What to do - Transcribe the records below word for word, leaving every picture out.

(Short text fragments from websites)

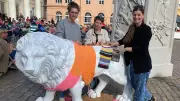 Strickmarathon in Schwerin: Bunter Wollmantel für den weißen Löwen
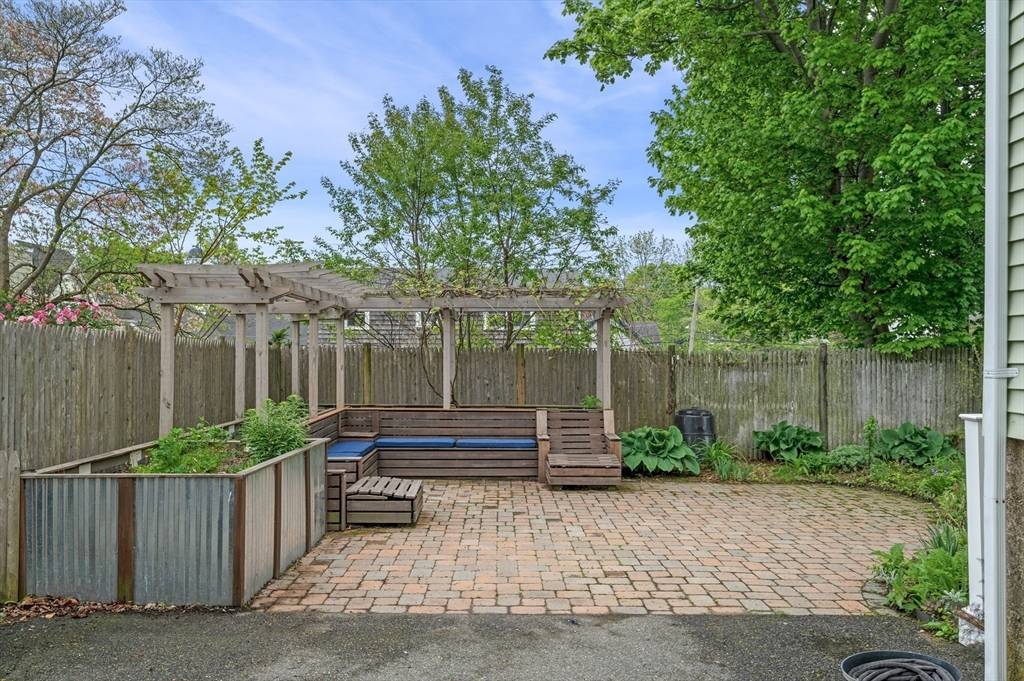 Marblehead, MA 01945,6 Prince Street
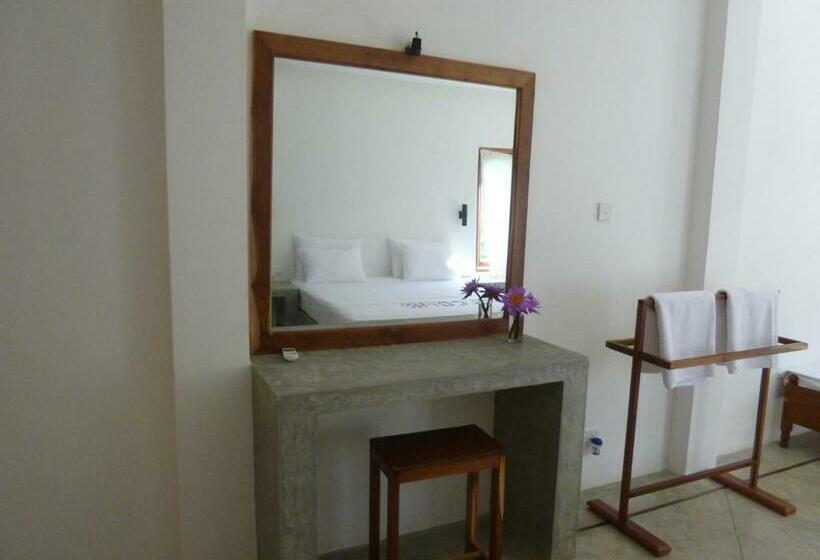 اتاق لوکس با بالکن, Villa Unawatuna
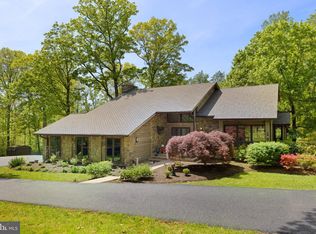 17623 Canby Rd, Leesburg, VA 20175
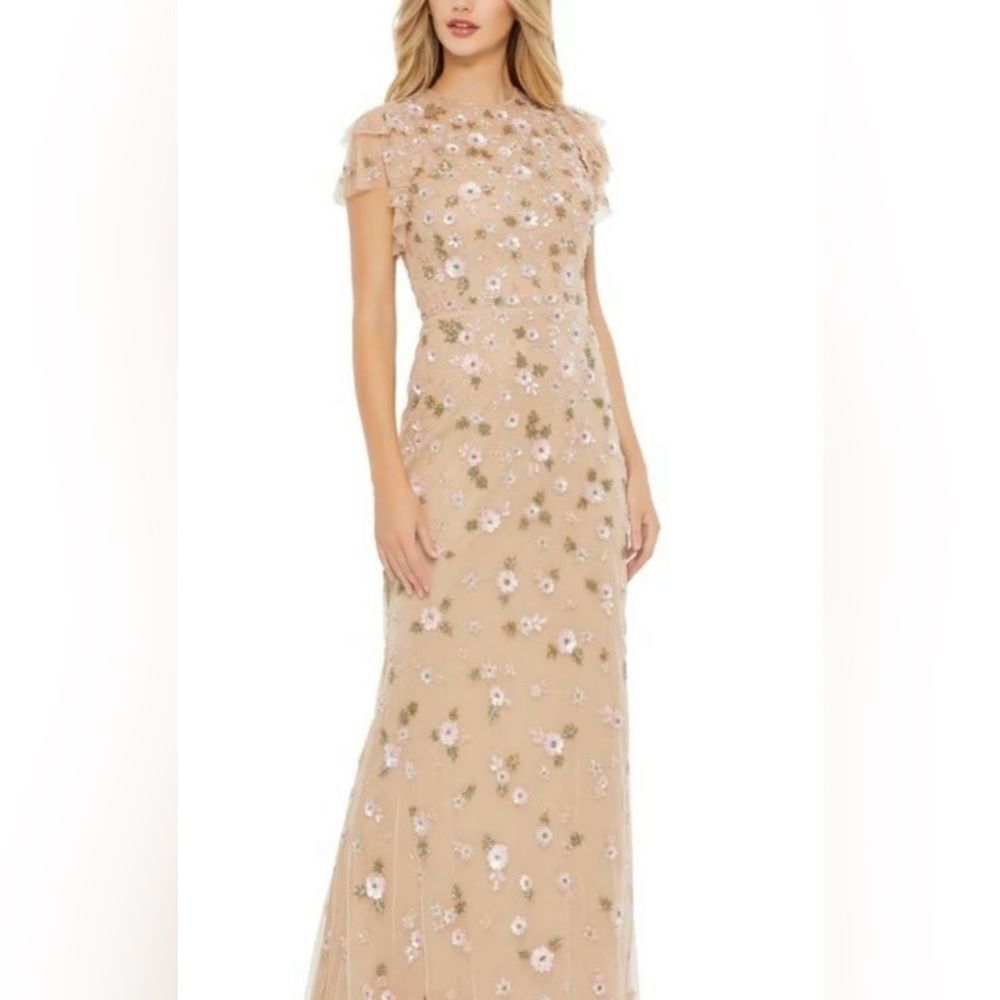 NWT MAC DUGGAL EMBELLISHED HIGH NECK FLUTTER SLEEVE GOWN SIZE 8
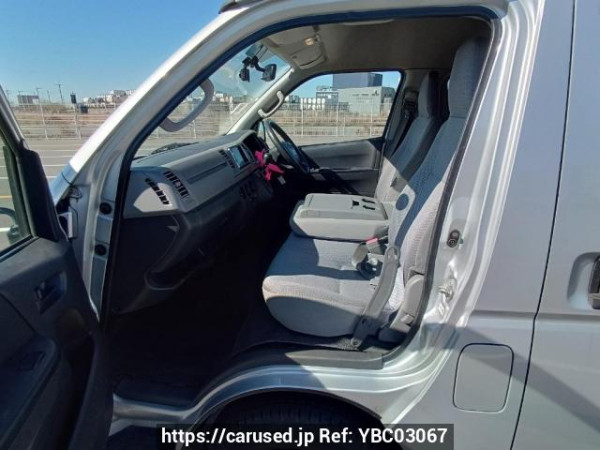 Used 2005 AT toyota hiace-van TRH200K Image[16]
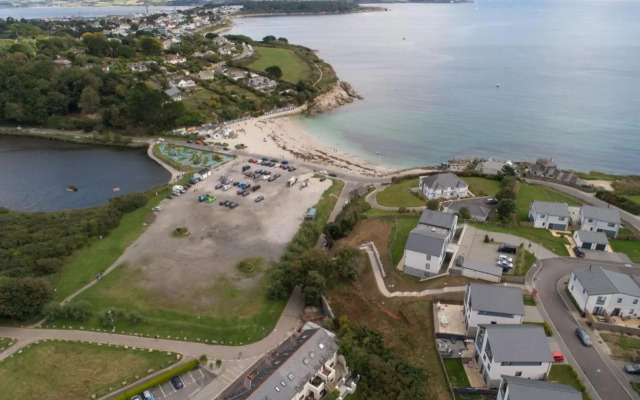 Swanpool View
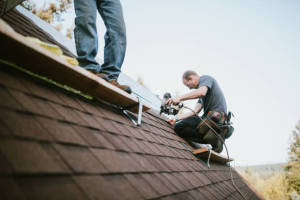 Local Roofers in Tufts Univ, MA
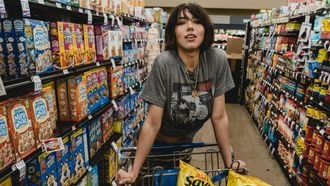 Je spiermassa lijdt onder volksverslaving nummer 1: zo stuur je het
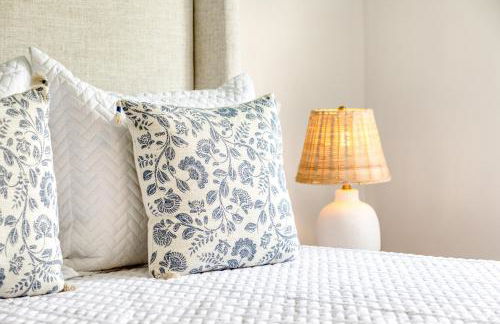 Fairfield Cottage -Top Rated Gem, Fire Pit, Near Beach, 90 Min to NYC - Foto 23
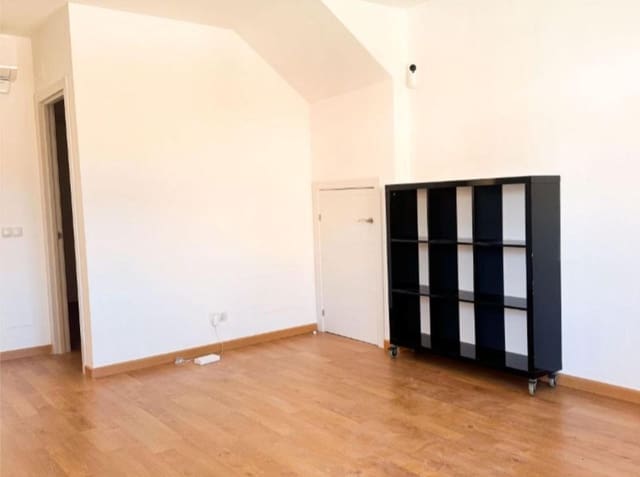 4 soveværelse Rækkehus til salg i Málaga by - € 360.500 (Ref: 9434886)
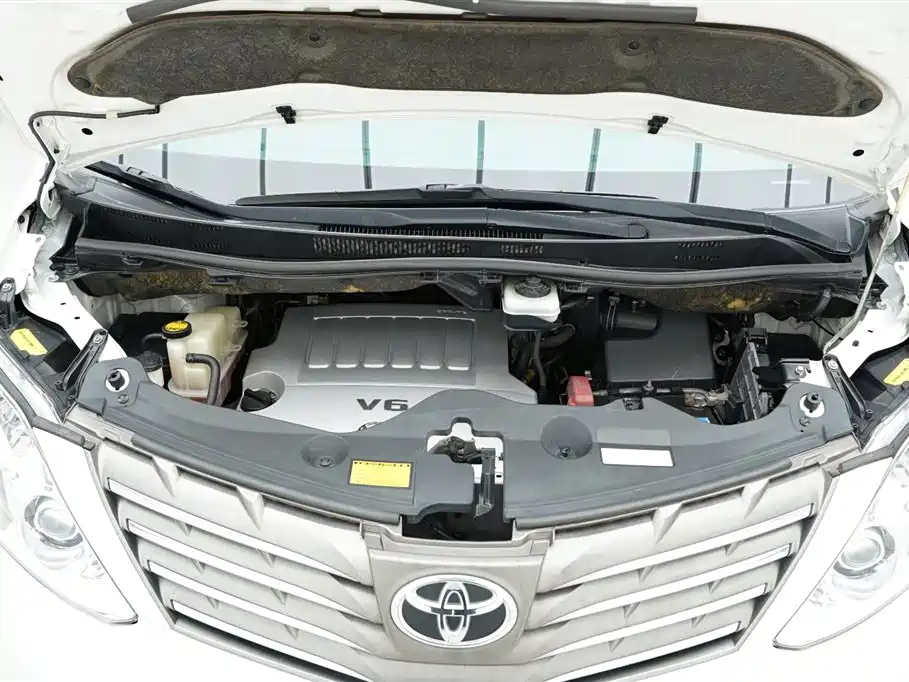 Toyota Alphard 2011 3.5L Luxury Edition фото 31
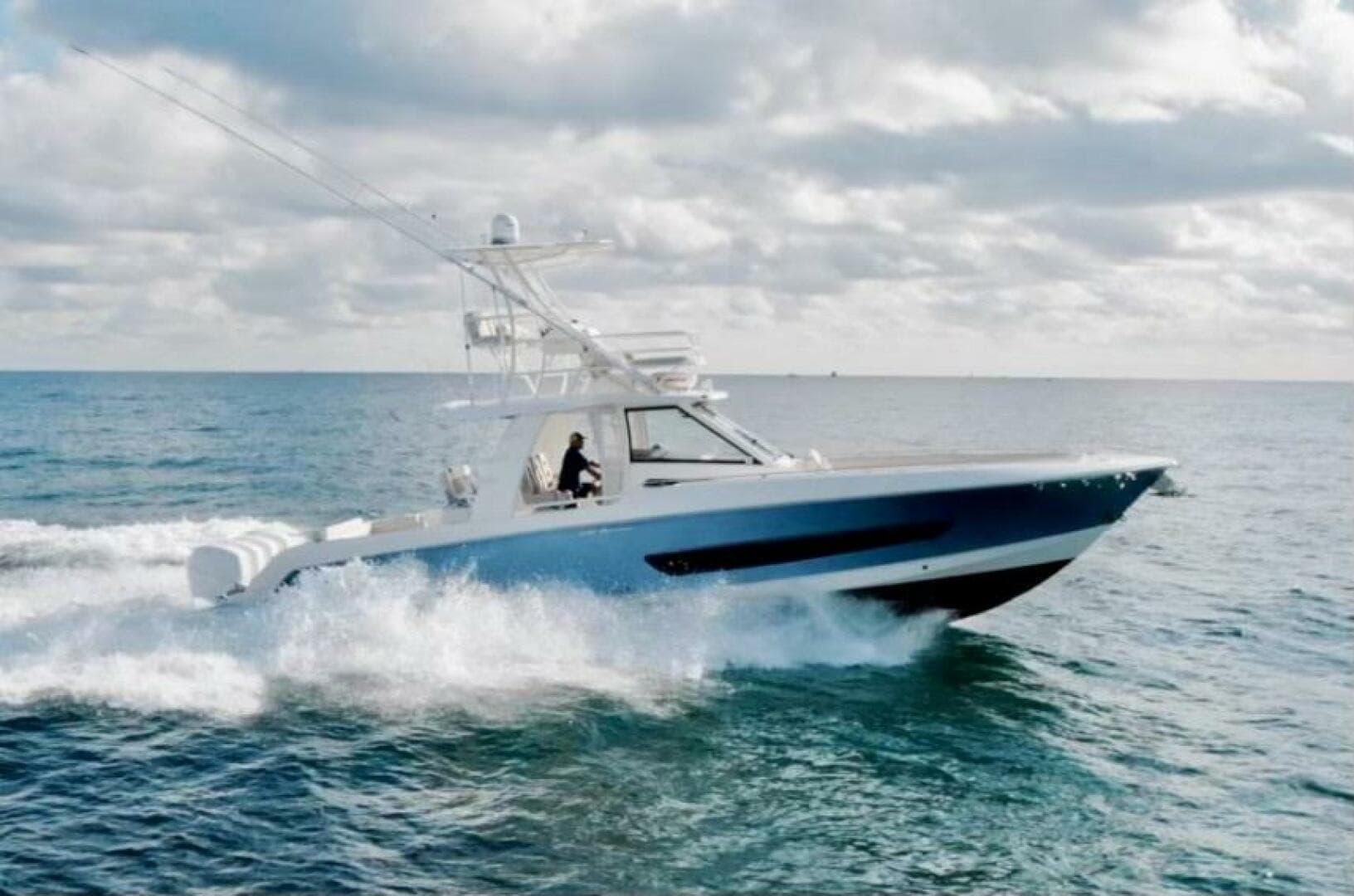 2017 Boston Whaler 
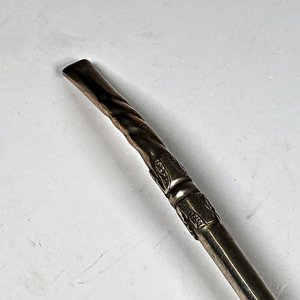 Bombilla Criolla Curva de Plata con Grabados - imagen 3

Response for this exercise -
 Strickmarathon in Schwerin: Bunter Wollmantel für den weißen Löwen
 Marblehead, MA 01945,6 Prince Street
 اتاق لوکس با بالکن, Villa Unawatuna
 17623 Canby Rd, Leesburg, VA 20175
 NWT MAC DUGGAL EMBELLISHED HIGH NECK FLUTTER SLEEVE GOWN SIZE 8
 Used 2005 AT toyota hiace-van TRH200K Image[16]
 Swanpool View
 Local Roofers in Tufts Univ, MA
 Je spiermassa lijdt onder volksverslaving nummer 1: zo stuur je het
 Fairfield Cottage -Top Rated Gem, Fire Pit, Near Beach, 90 Min to NYC - Foto 23
 4 soveværelse Rækkehus til salg i Málaga by - € 360.500 (Ref: 9434886)
 Toyota Alphard 2011 3.5L Luxury Edition фото 31
 2017 Boston Whaler 
 Bombilla Criolla Curva de Plata con Grabados - imagen 3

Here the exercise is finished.